Bioaccessibility of pVACs
Bioaccessibility is defined as the fraction of a compound that is released from its food matrix in the gastrointestinal tract and thus becomes available to the body. An in vitro digestion model was used to assess the bioaccessibility of pVACs from boiled bananas and popular dishes made with the fruit of 'Vulumbya', an EAHB cultivar, and 'Musilongo', a Plantain one. The bioaccessibility of beta-carotene ranged from 14% in boiled 'Musilongo' and 29% in boiled 'Vulumbya'18. The authors note that these values are high compared to other starchy foods rich in carotenoids, such as orange-fleshed sweet potato. Adding ingredients rich in pVACs, such as palm oil, would further increase the percentage of bioaccessible pVACs.
Strategies to alleviate vitamin A deficiency
Vitamin A deficiency (VAD) is a public health problem in 118 countries, and is most severe in Southeast Asia and Africa, especially among people who are dependant on plant sources for their vitamin A. An estimated 250,000-500,000 children in developing countries become blind each year due to VAD, and more than half of them die within a year of becoming blind. VAD impairs the immune system of 40% of children under 5, who fall prey to common infectious diseases. Over 20 million pregnant women in developing countries also suffer from VAD, leading to increased rates of maternal mortality and with serious health consequences for the unborn babies.
The Island Food Community of Pohnpei, in the Federated States of Micronesia, has been at the forefront of efforts to promote the consumption of carotenoid-rich Karat banana and other local foods to alleviate VAD and other diseases linked to changes in diet1920.
HarvestPlus — which seeks to reduce micronutrient malnutrition by breeding staple food crops that are rich in micronutrients through a process called biofortification21 — has been funding efforts to use bananas to deliver higher levels of pVACs to sub-Saharan African communities that have a high prevalence of VAD. However, since banana breeding is complicated by the high levels of sterility of cultivars, it is also pursuing a strategy of ‘fast-tracking’ carotenoid-rich cultivars22.
HarvestPlus' breeding strategy is based on combining high pVAC sources with high-yielding and disease-resistant African cultivars22.
An Australian project to increase pVACs levels in bananas using genetic engineering started in 200723. Cavendish cultivars 'Williams' and 'Dwarf Cavendish' and the Pome cultivar 'Lady finger' were selected.

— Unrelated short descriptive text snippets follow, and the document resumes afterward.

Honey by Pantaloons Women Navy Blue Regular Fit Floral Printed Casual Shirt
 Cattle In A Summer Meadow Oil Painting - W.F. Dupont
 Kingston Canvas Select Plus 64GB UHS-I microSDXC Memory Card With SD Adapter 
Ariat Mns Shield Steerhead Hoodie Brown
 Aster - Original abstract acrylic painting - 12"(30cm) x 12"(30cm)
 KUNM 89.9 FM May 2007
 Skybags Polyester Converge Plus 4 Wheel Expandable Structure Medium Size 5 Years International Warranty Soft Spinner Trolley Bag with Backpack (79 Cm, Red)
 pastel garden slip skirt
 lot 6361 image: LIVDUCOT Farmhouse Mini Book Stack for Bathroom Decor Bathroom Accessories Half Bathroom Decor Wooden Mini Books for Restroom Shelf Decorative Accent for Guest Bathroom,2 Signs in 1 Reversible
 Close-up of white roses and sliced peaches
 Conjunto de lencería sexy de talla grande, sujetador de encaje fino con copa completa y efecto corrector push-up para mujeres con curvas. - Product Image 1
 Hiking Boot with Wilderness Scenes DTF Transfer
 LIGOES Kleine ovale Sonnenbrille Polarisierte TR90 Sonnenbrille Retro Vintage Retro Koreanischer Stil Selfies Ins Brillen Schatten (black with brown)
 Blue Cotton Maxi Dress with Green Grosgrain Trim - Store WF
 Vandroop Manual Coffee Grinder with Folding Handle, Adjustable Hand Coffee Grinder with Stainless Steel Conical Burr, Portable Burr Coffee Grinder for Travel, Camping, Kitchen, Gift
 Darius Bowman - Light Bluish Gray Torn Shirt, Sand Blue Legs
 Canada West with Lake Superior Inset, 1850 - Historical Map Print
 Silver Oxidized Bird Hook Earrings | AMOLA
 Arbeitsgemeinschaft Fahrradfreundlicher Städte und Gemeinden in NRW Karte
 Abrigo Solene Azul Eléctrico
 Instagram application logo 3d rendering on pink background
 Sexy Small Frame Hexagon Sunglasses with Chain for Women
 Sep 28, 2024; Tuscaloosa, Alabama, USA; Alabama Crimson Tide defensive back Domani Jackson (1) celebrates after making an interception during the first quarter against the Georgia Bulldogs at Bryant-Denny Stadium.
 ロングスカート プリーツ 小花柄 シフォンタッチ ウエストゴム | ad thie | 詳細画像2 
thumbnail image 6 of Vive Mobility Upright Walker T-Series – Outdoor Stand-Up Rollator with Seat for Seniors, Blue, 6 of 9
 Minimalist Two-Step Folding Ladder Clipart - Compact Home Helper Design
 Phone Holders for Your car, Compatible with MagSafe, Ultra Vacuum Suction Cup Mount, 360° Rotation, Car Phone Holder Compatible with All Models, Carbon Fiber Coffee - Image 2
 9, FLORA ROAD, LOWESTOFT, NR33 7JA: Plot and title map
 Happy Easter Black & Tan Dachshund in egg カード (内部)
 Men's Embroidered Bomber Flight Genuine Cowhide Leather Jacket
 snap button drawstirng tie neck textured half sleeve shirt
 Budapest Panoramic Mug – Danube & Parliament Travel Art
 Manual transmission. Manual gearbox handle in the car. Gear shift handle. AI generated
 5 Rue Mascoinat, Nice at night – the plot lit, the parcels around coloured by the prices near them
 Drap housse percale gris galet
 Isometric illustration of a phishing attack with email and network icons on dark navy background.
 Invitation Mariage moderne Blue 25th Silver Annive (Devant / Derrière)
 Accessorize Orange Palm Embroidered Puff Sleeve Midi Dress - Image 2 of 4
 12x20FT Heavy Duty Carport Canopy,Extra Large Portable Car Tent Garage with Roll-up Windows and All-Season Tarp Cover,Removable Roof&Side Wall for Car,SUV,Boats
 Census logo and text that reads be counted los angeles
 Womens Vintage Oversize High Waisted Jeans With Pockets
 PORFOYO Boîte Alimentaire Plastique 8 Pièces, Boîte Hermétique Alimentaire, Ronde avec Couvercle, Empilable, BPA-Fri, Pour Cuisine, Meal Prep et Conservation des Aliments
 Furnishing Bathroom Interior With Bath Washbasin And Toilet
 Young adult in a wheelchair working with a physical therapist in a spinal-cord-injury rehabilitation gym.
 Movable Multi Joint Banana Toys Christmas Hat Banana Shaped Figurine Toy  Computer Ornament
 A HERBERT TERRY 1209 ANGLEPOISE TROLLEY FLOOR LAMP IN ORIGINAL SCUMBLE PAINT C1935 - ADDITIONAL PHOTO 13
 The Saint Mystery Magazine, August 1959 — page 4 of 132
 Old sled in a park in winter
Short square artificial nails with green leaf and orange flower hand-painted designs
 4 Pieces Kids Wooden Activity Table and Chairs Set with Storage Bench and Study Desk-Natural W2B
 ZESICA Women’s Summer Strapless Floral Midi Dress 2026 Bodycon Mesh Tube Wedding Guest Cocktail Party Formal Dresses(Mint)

The objective is to transfer the technology to East African highland bananas, the main staple food in Uganda, a country where VAD levels are relatively high24. Among the genes that have been introduced is the Apsy2a gene from the high-pVAC Fei banana 'Asupina'25. It encodes the protein phytoene synthase which has a role in an early stage of the pathway that leads to the formation of alpha- and beta-carotene. A human feeding trial started in 201426.